These worksheets are part of my "Monday with the Masters" series but you could call it "Masterpiece Monday", "Famous Artist Friday", whatever you want! It's just a fun and easy way to get some Art History into my classroom, something that isn't always easy with middle school. This particular set of worksheets is for 10 of the world's most famous Impressionist painters. Many times, I try to match the Master to the style of the current type of project we are working on, but sometimes I just grab one and go!
On Mondays, the stack of handouts and index cards are there for the students to grab as they enter the room. Over the course of the week, they are responsible for filling out the form's 5 sections and, once graded, will keep it in their notebook.
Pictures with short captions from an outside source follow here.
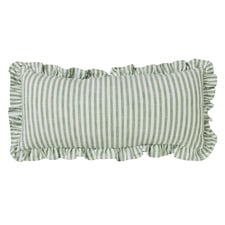 Ruffles Cotton Lumbar Cushion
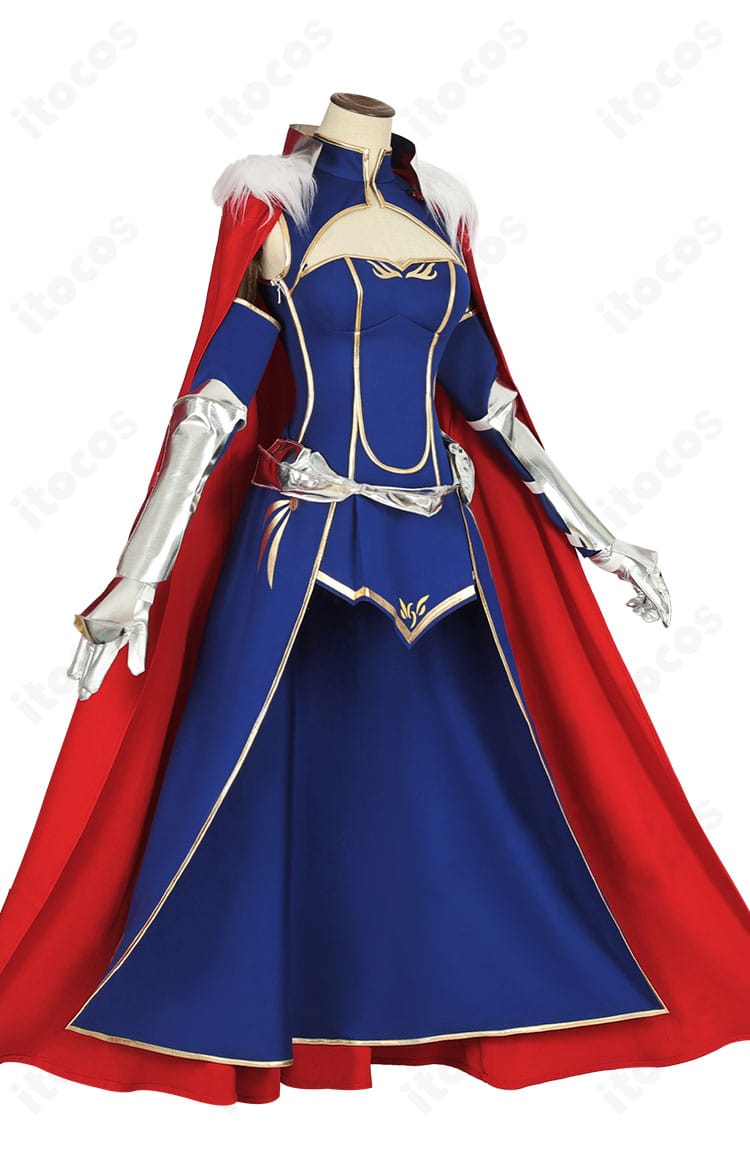 アルトリア・ペンドラゴン（セイバー）衣装の側面。腰飾りやレッグカバーの立体感とラインを強調したディテール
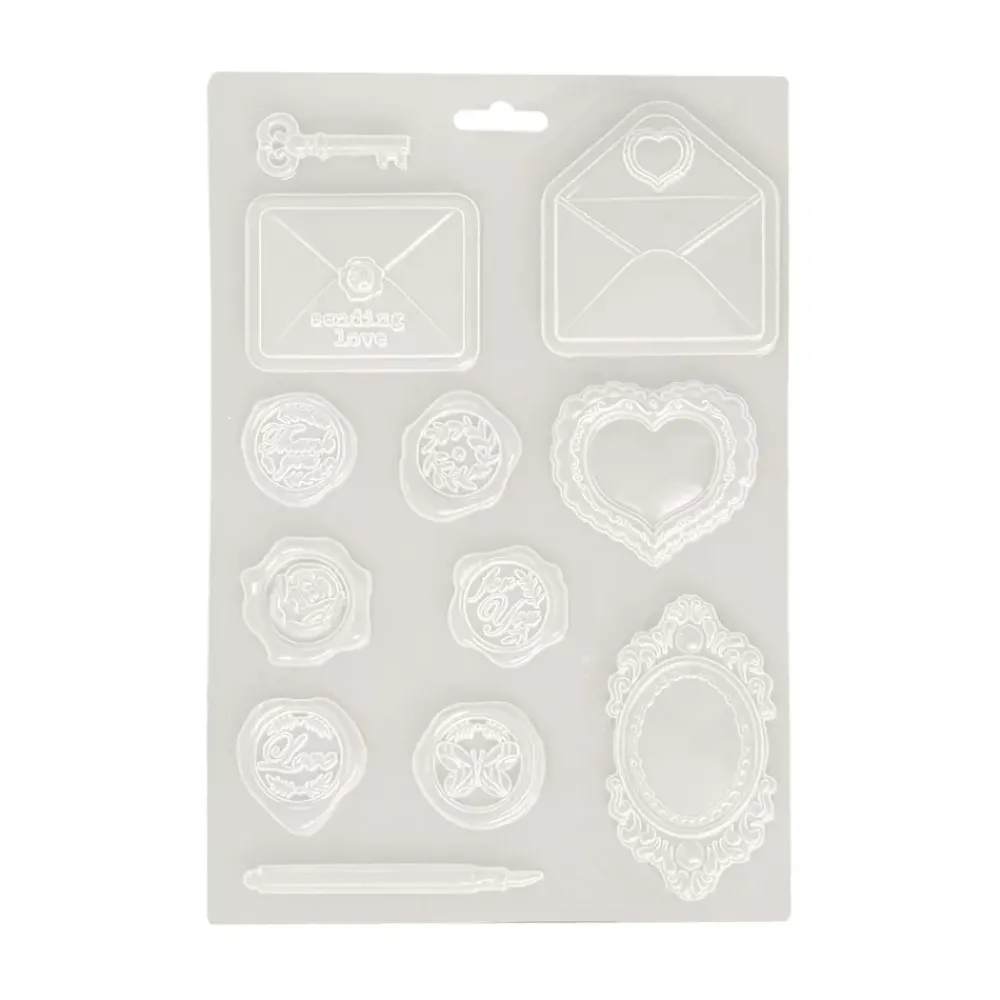 Best Molde flexible Carta Shabby Rose Herramientas Para Modelado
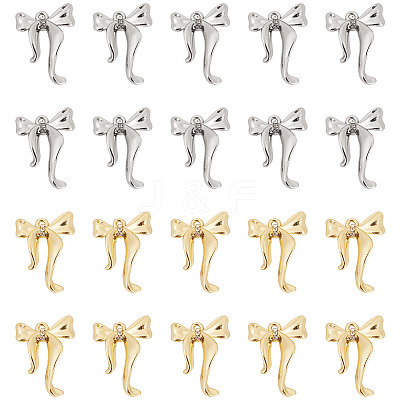 20Pcs 2 Colors Alloy Rhinestone Pendants FIND-TA0007-86-1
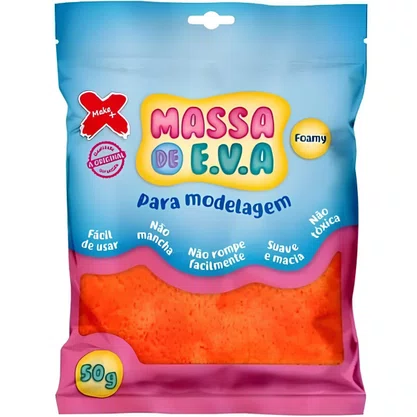 Massa De E.V.A. Laranja 50g Make+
Date of Birth-Date of Death and Place of Birth
5 Facts about the artist: This could be anything from the medium they were most famous for to who they were married to.
3 Works by the Artist: You could require them to find the 3 most famous or just let them find any 3. Generally, they will Google and, by default, will come up with the 3 most famous anyway!
Place Image Here: I leave a stack of 4x6 index cards next to the handouts and each student is to recreate a work of their choice on this card. Once complete, the student uses a glue stick to attach their recreation to their worksheet. You can determine how to deal with sculptors that may not have an easily-reproduced painting or drawing. I have had them print and paste images if they don't wish to draw a sketch of the piece, but I also take points off for that method. (You may also wonder why I don't allow them to draw directly onto the worksheet, and that is because if they mess up it is much easier for them to get a new index card and from the box, and repeat just that step, than for me to have to give them another sheet to fill out in its entirety.)
Title of Work: This should be the title of the recreated piece.
This has been a great way to quickly introduce middle school students to an artist without boring them to death with an art history lecture. Plus, giving them the chance to do it on their own time helps them feel more in control of their learning and retain the information better.